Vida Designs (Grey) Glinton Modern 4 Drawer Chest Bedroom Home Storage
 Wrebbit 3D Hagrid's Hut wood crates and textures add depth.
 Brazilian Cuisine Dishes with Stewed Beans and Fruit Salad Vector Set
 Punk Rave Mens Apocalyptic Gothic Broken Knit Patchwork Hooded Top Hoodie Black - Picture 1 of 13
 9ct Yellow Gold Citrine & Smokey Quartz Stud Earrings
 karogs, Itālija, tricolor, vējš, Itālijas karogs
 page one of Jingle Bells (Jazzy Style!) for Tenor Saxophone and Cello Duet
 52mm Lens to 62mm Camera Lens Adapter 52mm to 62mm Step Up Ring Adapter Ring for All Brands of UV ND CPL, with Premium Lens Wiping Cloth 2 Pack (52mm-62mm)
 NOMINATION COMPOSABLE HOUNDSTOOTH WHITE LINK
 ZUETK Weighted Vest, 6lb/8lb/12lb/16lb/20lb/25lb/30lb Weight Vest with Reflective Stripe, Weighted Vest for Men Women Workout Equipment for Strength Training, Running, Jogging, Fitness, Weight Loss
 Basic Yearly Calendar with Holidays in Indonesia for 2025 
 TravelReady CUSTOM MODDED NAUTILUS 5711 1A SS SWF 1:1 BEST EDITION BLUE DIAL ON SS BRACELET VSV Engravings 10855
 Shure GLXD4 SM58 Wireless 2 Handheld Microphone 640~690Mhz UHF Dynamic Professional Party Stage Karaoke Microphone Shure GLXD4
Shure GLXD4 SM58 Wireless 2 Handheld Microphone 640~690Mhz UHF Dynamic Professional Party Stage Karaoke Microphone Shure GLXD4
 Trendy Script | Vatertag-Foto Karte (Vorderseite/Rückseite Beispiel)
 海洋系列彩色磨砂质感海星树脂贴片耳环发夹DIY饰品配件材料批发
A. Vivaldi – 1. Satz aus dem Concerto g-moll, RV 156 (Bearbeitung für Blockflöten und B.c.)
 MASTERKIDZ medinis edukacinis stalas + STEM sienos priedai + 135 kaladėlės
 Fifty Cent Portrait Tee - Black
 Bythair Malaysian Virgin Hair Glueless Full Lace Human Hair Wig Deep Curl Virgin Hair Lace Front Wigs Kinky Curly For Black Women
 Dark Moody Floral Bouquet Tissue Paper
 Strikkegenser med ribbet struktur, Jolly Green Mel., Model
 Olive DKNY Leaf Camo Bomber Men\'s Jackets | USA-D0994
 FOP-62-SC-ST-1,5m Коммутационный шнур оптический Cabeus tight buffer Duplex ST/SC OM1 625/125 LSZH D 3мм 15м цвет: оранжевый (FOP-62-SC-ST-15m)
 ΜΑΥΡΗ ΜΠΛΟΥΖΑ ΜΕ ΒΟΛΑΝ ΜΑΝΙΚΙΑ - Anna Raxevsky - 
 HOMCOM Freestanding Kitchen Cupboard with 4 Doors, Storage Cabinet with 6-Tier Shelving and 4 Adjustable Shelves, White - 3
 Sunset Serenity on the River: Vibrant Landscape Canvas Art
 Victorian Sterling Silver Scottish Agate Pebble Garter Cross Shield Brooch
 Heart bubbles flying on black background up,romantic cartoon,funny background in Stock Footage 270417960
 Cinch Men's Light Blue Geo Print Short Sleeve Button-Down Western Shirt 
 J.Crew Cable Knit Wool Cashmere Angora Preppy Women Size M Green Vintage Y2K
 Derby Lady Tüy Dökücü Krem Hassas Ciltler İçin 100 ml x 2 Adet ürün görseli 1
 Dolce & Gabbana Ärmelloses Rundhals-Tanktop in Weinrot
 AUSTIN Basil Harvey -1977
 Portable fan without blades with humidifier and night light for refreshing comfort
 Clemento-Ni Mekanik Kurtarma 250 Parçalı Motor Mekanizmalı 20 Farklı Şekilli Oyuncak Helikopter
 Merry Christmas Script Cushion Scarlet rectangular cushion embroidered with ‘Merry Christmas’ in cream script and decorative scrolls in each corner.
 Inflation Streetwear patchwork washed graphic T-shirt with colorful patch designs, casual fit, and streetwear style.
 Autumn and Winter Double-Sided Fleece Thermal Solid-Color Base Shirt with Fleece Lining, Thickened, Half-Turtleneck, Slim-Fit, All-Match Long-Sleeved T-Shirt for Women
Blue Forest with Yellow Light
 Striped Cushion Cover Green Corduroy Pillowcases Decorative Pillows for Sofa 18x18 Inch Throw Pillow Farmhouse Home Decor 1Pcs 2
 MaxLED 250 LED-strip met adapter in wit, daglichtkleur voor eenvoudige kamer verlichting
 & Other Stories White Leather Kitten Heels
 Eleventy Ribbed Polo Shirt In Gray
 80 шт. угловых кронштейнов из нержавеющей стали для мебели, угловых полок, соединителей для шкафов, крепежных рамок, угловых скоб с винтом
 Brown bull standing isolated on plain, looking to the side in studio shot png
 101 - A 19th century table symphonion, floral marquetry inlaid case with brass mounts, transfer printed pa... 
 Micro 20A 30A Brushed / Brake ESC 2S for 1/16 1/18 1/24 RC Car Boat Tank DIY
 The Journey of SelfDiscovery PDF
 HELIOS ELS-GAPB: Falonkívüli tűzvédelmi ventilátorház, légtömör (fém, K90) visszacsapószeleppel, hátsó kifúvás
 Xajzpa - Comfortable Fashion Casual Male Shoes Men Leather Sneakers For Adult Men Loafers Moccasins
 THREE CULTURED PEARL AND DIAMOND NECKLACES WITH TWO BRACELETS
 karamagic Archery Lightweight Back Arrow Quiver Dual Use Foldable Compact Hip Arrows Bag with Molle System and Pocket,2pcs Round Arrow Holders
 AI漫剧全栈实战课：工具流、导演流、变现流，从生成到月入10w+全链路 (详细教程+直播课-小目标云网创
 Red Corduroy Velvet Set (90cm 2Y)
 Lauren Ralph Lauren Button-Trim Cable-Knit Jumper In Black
════════════════════
Exercise brief:
In the listing above, locate the line with "Basic Yearly Calendar" and the line with "海洋系列彩色磨砂质感海星树脂贴片耳环发夹DIY饰品配件材料批发", then extract exactly those lines and every line between them, and nothing more.

Solution for this exercise:
 Basic Yearly Calendar with Holidays in Indonesia for 2025 
 TravelReady CUSTOM MODDED NAUTILUS 5711 1A SS SWF 1:1 BEST EDITION BLUE DIAL ON SS BRACELET VSV Engravings 10855
 Shure GLXD4 SM58 Wireless 2 Handheld Microphone 640~690Mhz UHF Dynamic Professional Party Stage Karaoke Microphone Shure GLXD4
Shure GLXD4 SM58 Wireless 2 Handheld Microphone 640~690Mhz UHF Dynamic Professional Party Stage Karaoke Microphone Shure GLXD4
 Trendy Script | Vatertag-Foto Karte (Vorderseite/Rückseite Beispiel)
 海洋系列彩色磨砂质感海星树脂贴片耳环发夹DIY饰品配件材料批发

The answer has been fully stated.